Hi everyone,
I am trying to use convolution function on embedded system.
In my pc i tried like :
Code:
int i,j,m,n,m1,n1;
int halfH = filter_height >> 1;
int halfW = filter_width >> 1;
for(i = 0; i < height; i++)
{
for(j = 0; j < width; j++)
{
Output[i][j] = 0;
for(m = -halfH,m1 = filter_height-1; m1 >= 0; m++,m1--)
{
if(i + m < 0 || i + m >= height)
continue;
for(n = -halfW,n1 = filter_width-1; n1 >= 0; n++,n1--)
{
if(j + n < 0 || j + n >= height)
continue;
Output[i][j] += input[i+m][j+n] * filter[m1][n1];
}
}
}
}
Here my input image is 240x272 (width X Height) and my filter size is 3 x 3.
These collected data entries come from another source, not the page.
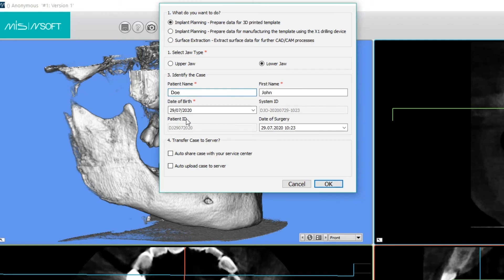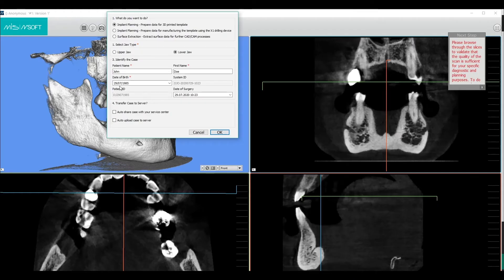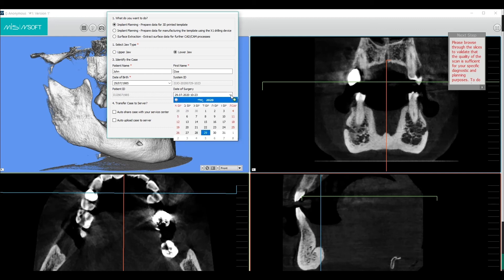Enter the patient's surname, first name, and third name. MSoft will automatically create the system ID and the patient ID codes. Fill out the surgery date from the drop-down box.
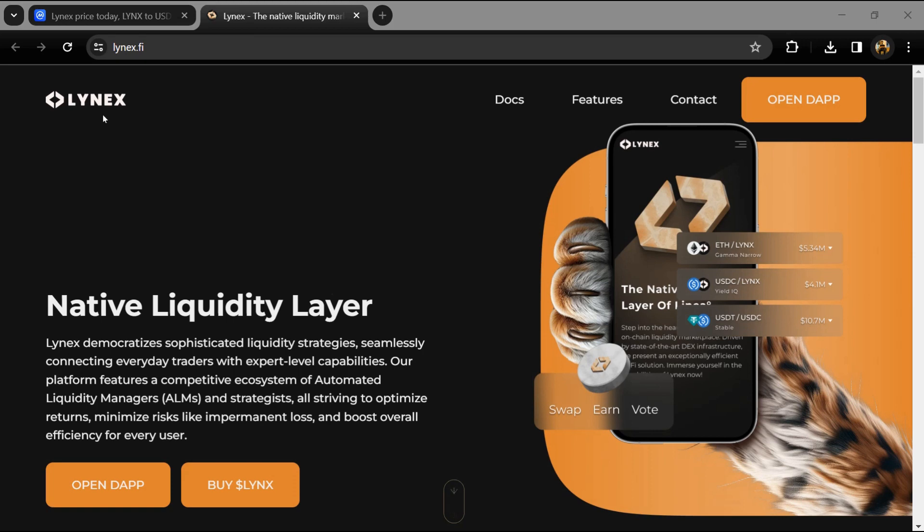According to the website, Lynx stands as a cutting-edge decentralized exchange liquidity layer and ALM aggregator on the Lena blockchain. This advanced platform revolutionizes DeFi activities.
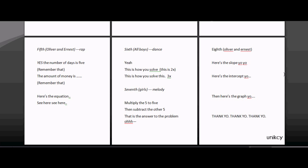See here, see here. Multiply the 5 to 5, then subtract the other 5. Then you have the answer to the problem.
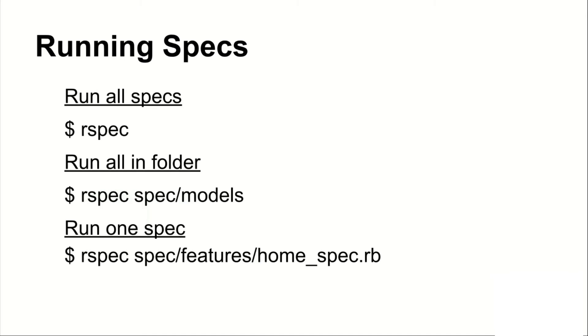So how do you run the specs? Well, there are a couple of ways. To run all the specs, you call rspec in the command line. To run all in a specific folder, you run rspec spec backslash the name of the folder.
I tried the same code in embedded system (arm 9).Here it is taking around 350 ms.
I want to reduce the execution time.
There are a lot of possible optimization but I have some questions before.
Have your filter matrix a fixed 3x3 size ?
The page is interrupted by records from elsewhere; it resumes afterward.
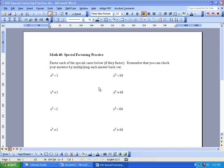Welcome back to MathType Lesson 6, which is learning how to format all the equations in a document and learning how to make special tabs to use in MathType.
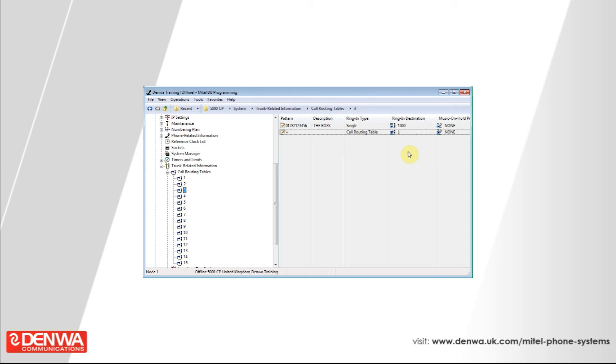But don't put a description in. Because if you put a description in at this stage, then you will have some unexpected behavior with later calls, with entries on the first call routing table.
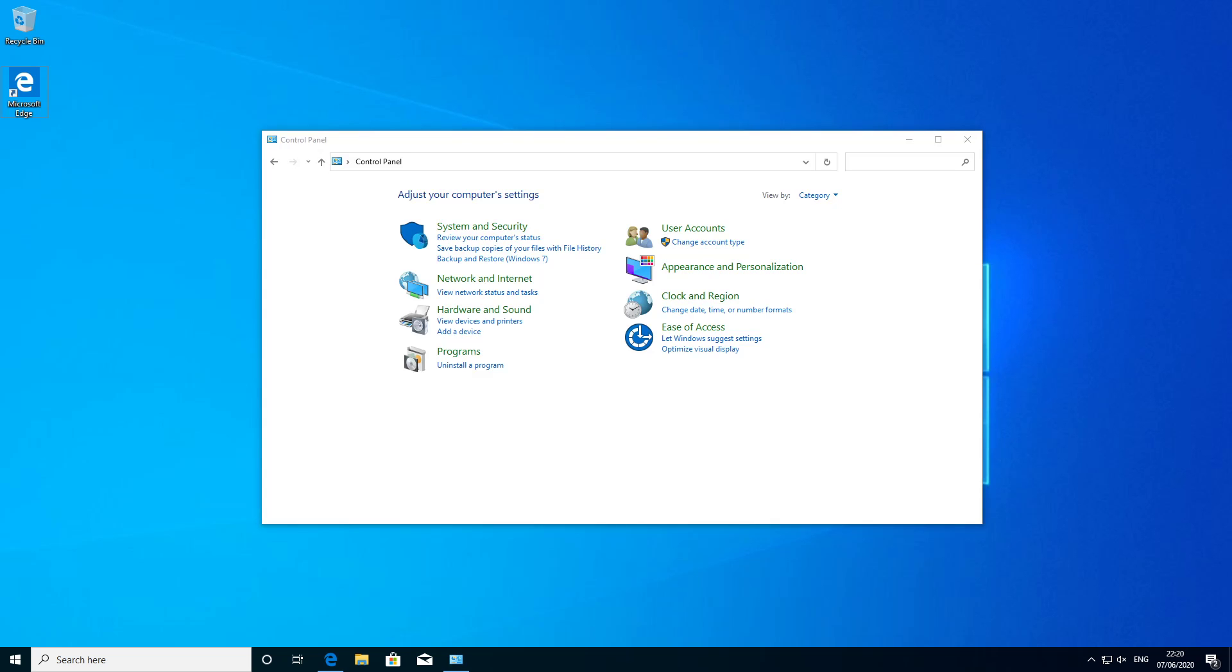So before we start the installation of Ubuntu 20.04 there are a couple of things we need to check beforehand. The first we need to check is how has Windows 10 been previously installed? Now typically if you've got a new machine you will find it will be installed using UEFI. Alternatively if it's an older machine you'll find it using legacy BIOS.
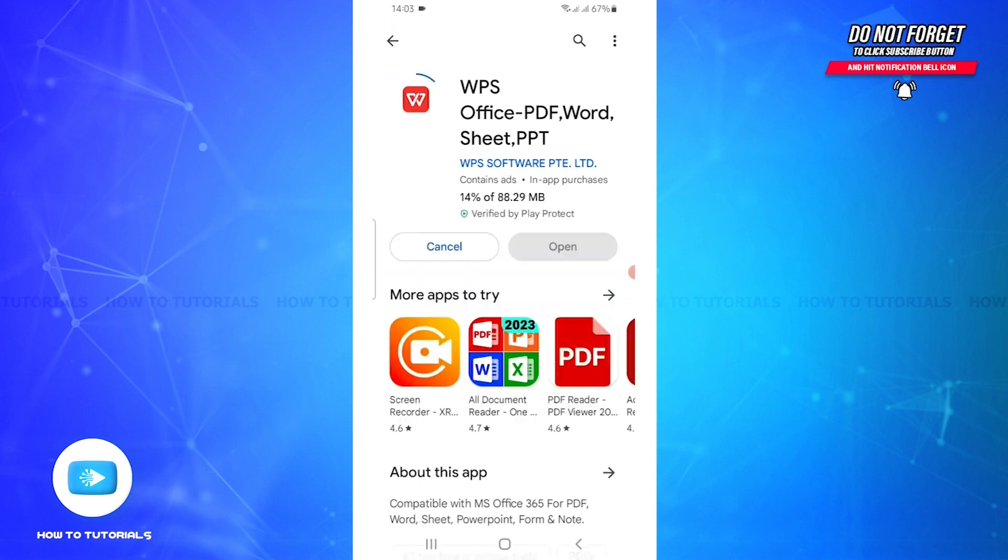While it's downloading, let me give you a short description about what exactly WPS Office is and what it is used for.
What is the numerical range of input array and filter coefficients ?
You need a scaled output in the same range of input array ?
Where is your target time ?
My filter is a sobel filter(1 2 1 , 0 0 0, -1, -2, -1) and input is a gray scale image(0 to 255).
I want to calculate the gradient of image.
I do not have any target time. I want to reduce the time as much as it is possible.
So your previous code compute a single step of sobel filter apply one 3x3 kernel ?
Your coefficient are for Sobel edge-detection along x-direction ?
In any way you can perform some simply optimization (generic 3x3 array)
1) put your image starting at 1,1 in a array having two pixel more the original image, 0 fill first and last row and first and last column.
In this way you can eliminate all the test for the image border saving some time (amply compensate for the additional processing in the border)
2) enrolling loop 3 and 4 and use local variables instead of the filter matrix array
so the code can be similar to:
Code:
short k00=filter[0][0];
short k01=filter[0][1];
short k02=filter[0][2];
short k10=filter[1][0];
short k11=filter[1][1];
short k12=filter[1][2];
short k20=filter[2][0];
short k21=filter[2][1];
short k22=filter[2][2];
short acc=0;
for(i = 0; i < height; i++)
{
for(j = 0; j < width; j++)
{
acc =input[i][j]*k00;
acc+=input[i][j+1]*k01;
acc+=input[i][j+2]*k02;
acc+=input[i+1][j]*k10;
acc+=input[i+1][j+1]*k11;
acc+=input[i+1][j+2]*k12;
acc+=input[i+2][j]*k20;
acc+=input[i+2][j+1]*k21;
acc+=input[i+2][j+2]*k22;
output[i][j]=acc; // if you want again origin in 0,0
}
}
In case of your previous mentioned filter matrix, you can 'hard code' the filter coefficient to gain more time in similar way:
Code:
short acc=0;
for(i = 0; i < height; i++)
{
for(j = 0; j < width; j++)
{
acc =input[i][j];
acc+=(input[i][j+1]<<1);
acc+=input[i][j+2];
acc-=input[i+2][j];
acc-=(input[i+2][j+1]<<1);
acc-=input[i+2][j+2];
output[i][j]=acc; // if you want again origin in 0,0
}
}
(the code is only exemplificative. check coefficient order and sign)
Let me how speed gain you obtain, and if it you need more speed.